Tous ceux qui ont voulu faire du Spiritisme une affaire de spéculation ressortent, à notre avis, de la police correctionnelle ou de la cour d’assises et voici pourquoi : Si le Spiritisme n’existe pas, ce sont des imposteurs passibles de la pénalité infligée à l’abus de confiance ; s’il existe, au contraire, c’est à la condition d’être la chose sacrée par excellence, la plus majestueuse manifestation de la divinité. Si l’on admettait que l’homme passant par-dessus le tombeau pouvait de plein pied pénétrer dans l’autre vie, correspondre avec les morts et avoir ainsi la seule preuve irrécusable, - parce qu’elle serait matérielle, - de l’immortalité de l’âme, ne serait-ce pas un sacrilège que de livrer à des bateleurs le droit de profaner le plus saint des mystères, et de violer sous la protection des magistrats le secret éternel des tombes ? Le bon sens, la morale, la sécurité même des citoyens exigent impérieusement que ces nouveaux voleurs soient chassés du temple, et que nos théâtres et nos places publiques soient fermés à ces faux prophètes qui jettent dans les esprits faibles une terreur dont la folie a trop souvent été la suite.

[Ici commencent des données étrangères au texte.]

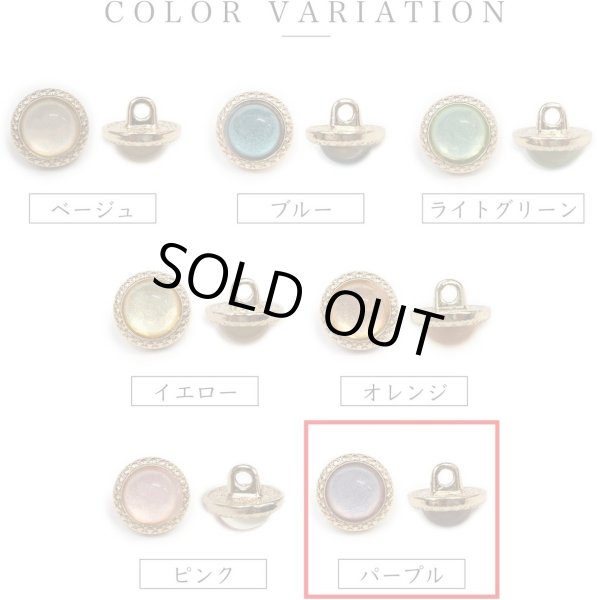 画像3: オーロラ ラメボタン 足つき 【パープル】 紫 金フチ ボタン グリッター かわいい 8個入り 【11.5mm】 ボタンマート B-873 (3)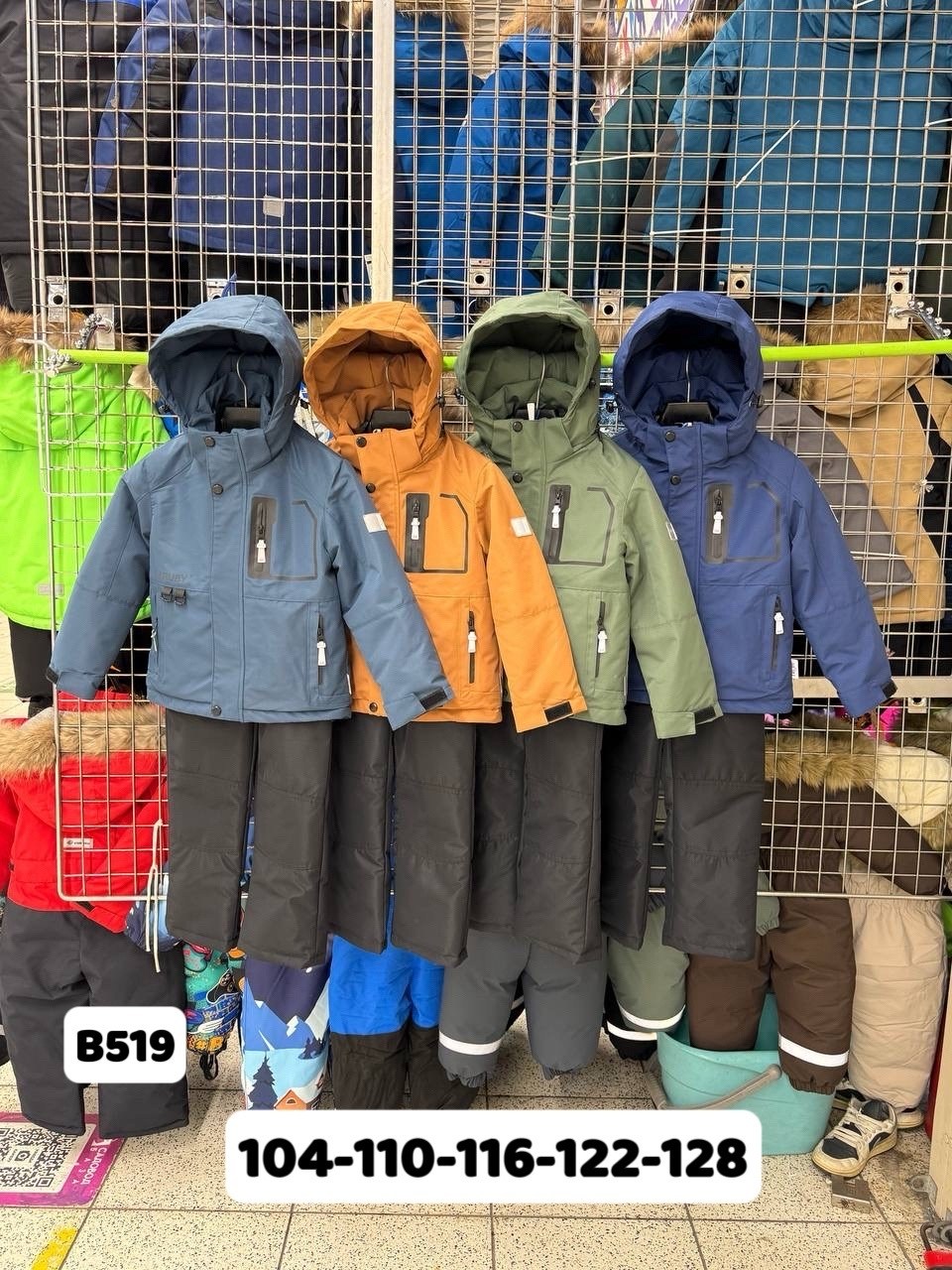 костюм зимний детский,зимний костюм для мальчиков,botchkova костюм зимний для мальчика,костюм зимний,зимний костюм для мальчика 134-158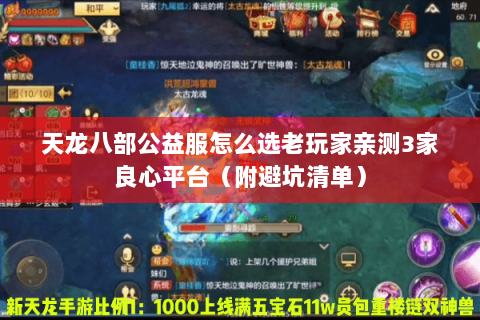 天龙八部公益服怎么选老玩家亲测3家良心平台(附避坑清单) 天龙八部公益服怎么选老玩家亲测3家良心平台(附避坑清单)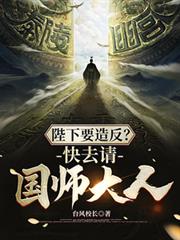 陛下要造反?快去請國師大人! 陛下要造反?快去請國師大人!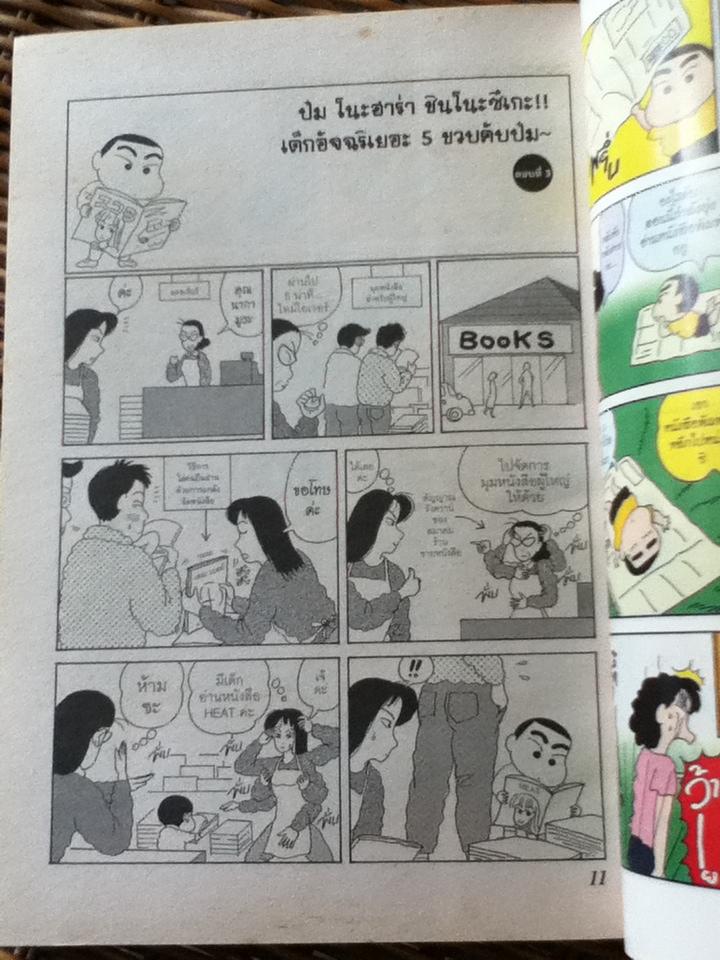 เครยอนชินจัง ช็อตฮอตตอนฮิต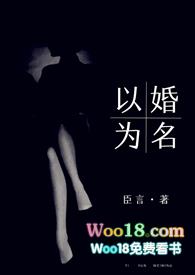 以婚为名婚恋温臣顾以安免费阅读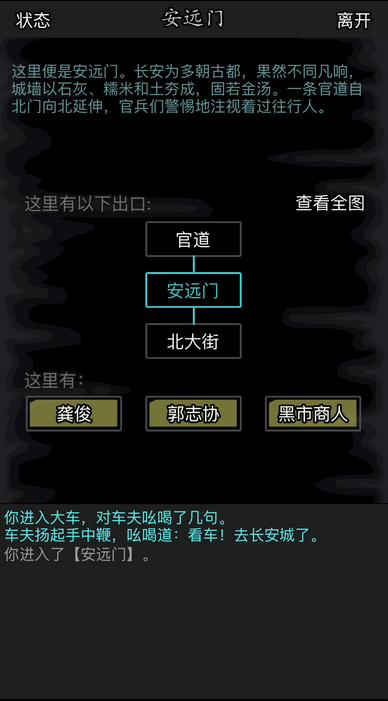 放置江湖装备怎么卖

Ceci posé, entrons dans le cœur même de la question.
A voir les écoles modernes qui font tumulte autour de certains principes fondamentaux et de certitudes acquises, il est facile de comprendre que le siècle de doute et de découragement où nous vivons est pris de vertige et de cécité.
Parmi tous ces dogmes, celui qui a été le plus agité est, sans contredit, celui de l’immortalité de l’âme.
C’est qu’en effet tout est là : c’est la question par excellence, c’est l’homme tout entier, c’est son présent, c’est son avenir ; c’est la sanction de la vie, c’est l’espérance de la mort ; c’est à elle que viennent se rattacher tous les grands principes de l’existence de Dieu, de l’âme, de la religion révélée.
Cette vérité admise, ce n’est plus la vie qui doit nous inquiéter, mais le terme de la vie ; les plaisirs s’effacent pour laisser la place au devoir ; le corps n’est plus rien, l’âme est toute ; l’homme disparaît et Dieu seul flamboie dans son éternelle immensité.
Donc le grand mot de la vie, le seul, c’est la mort ou plutôt notre transformation. Étant appelés à passer sur la terre comme des fantômes, c’est vers cet horizon qui s’entrouvre de l’autre côté que nous devons porter nos regards ; voyageurs de quelques jours, c’est au départ qu’il convient de nous renseigner sur le but de notre pèlerinage, de demander à la vie le secret de l’éternité, de poser les jalons de notre chemin, et, passagers de la mort à la vie, de tenir d’une main assurée le fil qui traverse l’abîme.
Pascal a dit : « L’immortalité de l’âme est une chose qui nous importe si fort et qui nous touche si profondément, qu’il faut avoir perdu tout sentiment pour être dans l’indifférence de savoir ce qui en est. Toutes nos actions, toutes nos pensées doivent prendre des routes si différentes, selon qu’il y aura des biens éternels à espérer ou non, qu’il est impossible de faire une démarche avec sens et jugement qu’en se réglant par la vue de ce plan qui doit être notre premier objet. »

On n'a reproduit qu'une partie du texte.